Utilization of SMs in a GPU

I am a CUDA newbie and looking into running multiple applications together on a GPU.
From the readings what I understand is NVIDIA does not advice running multiple applications
on the GPU (although CUDA driver manages to run them) since
a ) Applications do not have knowledge about each other’s context
b ) Architectures upto G280 do not support concurrent kernel / (application ) execution

Taking this into consideration , what happens if few Streaming Multiprocessors are not being
used if an application is already running on the GPU? Can we detect this condition and run other applications on those idle SMs?
(Although did not see this feature in the CUDA programming model)

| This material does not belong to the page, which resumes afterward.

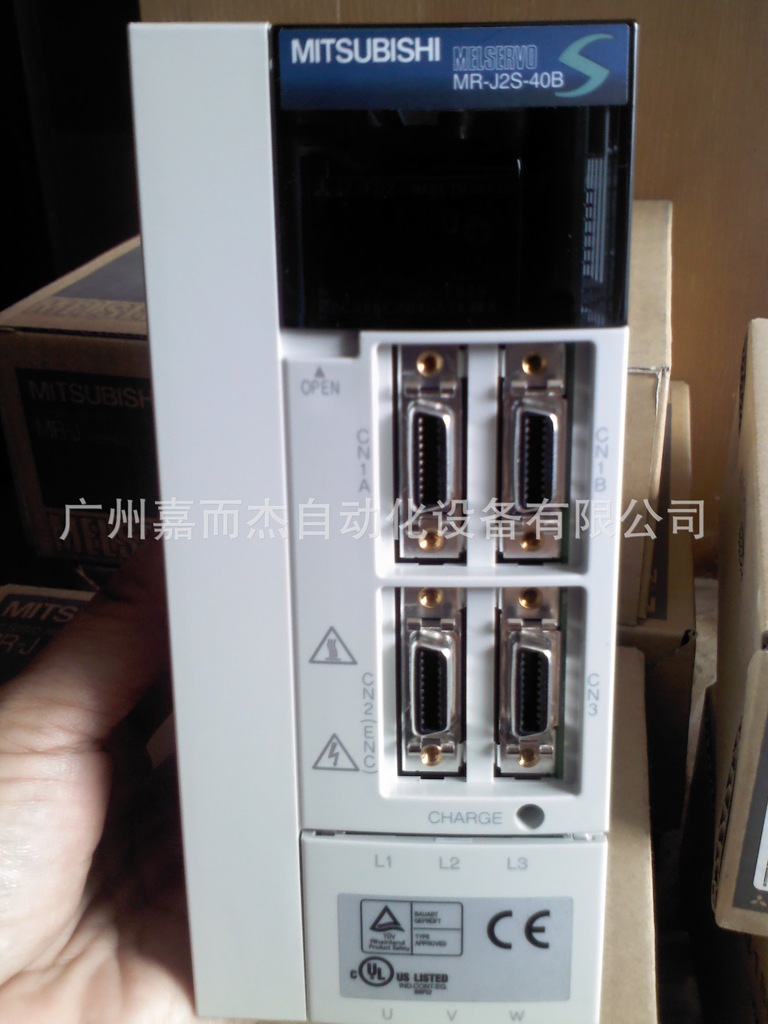 【原装正品】三菱电机MR-J2S-40B 三菱伺服电机现货供应华南代理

Actually, running multiple applications has worked for a long time on every CUDA compute capability. Note that all CUDA GPUs, including Fermi, interleave execution of kernels from different contexts. At no time do kernels from different contexts (which includes different applications) run on the device simultaneously. When you run a GUI on your GPU, that also is treated as a CUDA context of sorts, which is why a long running kernel can make your display appear to freeze. Every context gets total control of all SMs when the context is active.

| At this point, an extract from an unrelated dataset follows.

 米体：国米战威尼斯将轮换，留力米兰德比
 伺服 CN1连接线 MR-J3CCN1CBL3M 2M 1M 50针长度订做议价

The reasons NVIDIA discourage multiple applications using the same GPU include:

  • Buggy drivers in the past could potentially cause crashes during frequent GPU context switching. This has been resolved, as far as I know.

  • In a multi-user system (a common use case for multi-application execution), there is no graceful degradation as users exhaust the GPU memory. If one user takes all the device memory, the second user will just see their application abort until the first user’s application exits or they free the memory.

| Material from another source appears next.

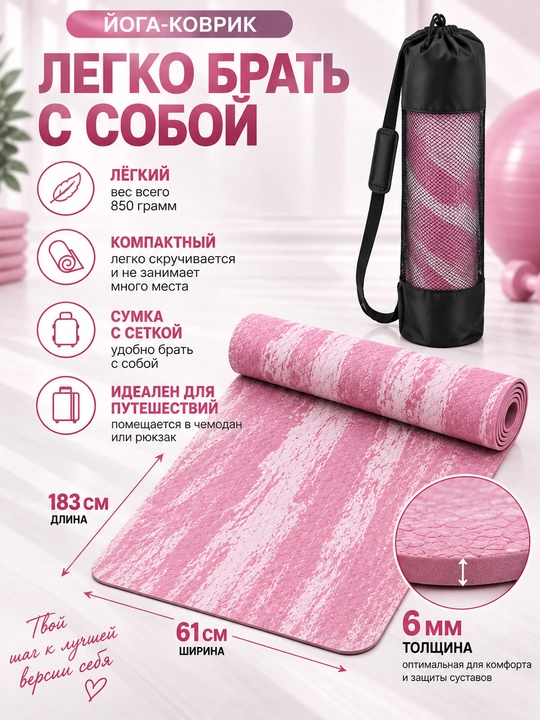 Коврик для йоги и фитнеса нескользящий, с сумкой, 183×61 см, 6 мм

  • The overhead of context switching means that multiple applications will see lower total performance than just one application, a lot lower if each application is executing very short kernels. This is one place where Fermi is supposed to have improved, but the overhead is still not zero.

Note that concurrent kernel execution (as NVIDIA has defined it) is not related to concurrent application execution. Concurrent kernel execution on Fermi allows kernels from different CUDA streams in the same CUDA context to execute simultaneously, getting varying amounts of SMs depending on the block scheduler. Different CUDA contexts running on the same device still undergo a full context switch between kernel executions, just as before.

Thanks seibert! this is quite helpful :). Is there some link / documentation from which I can read more about the GPU context switching and also about the second point you mentioned (about application abort because it does not find enough GPU memory )?

I’m not sure about the context switching discussion. The CUDA programming guide is the standard reference for most things. Another option is to write a small benchmark yourself and see what happens when you run multiple programs on the same GPU.

As for the abort, I wasn’t very precise. What will actually happen is cudaMalloc will return an error, and then you will have to decide how to handle the out of device memory condition. In my applications, if there is no device memory, the program can’t run, so I abort.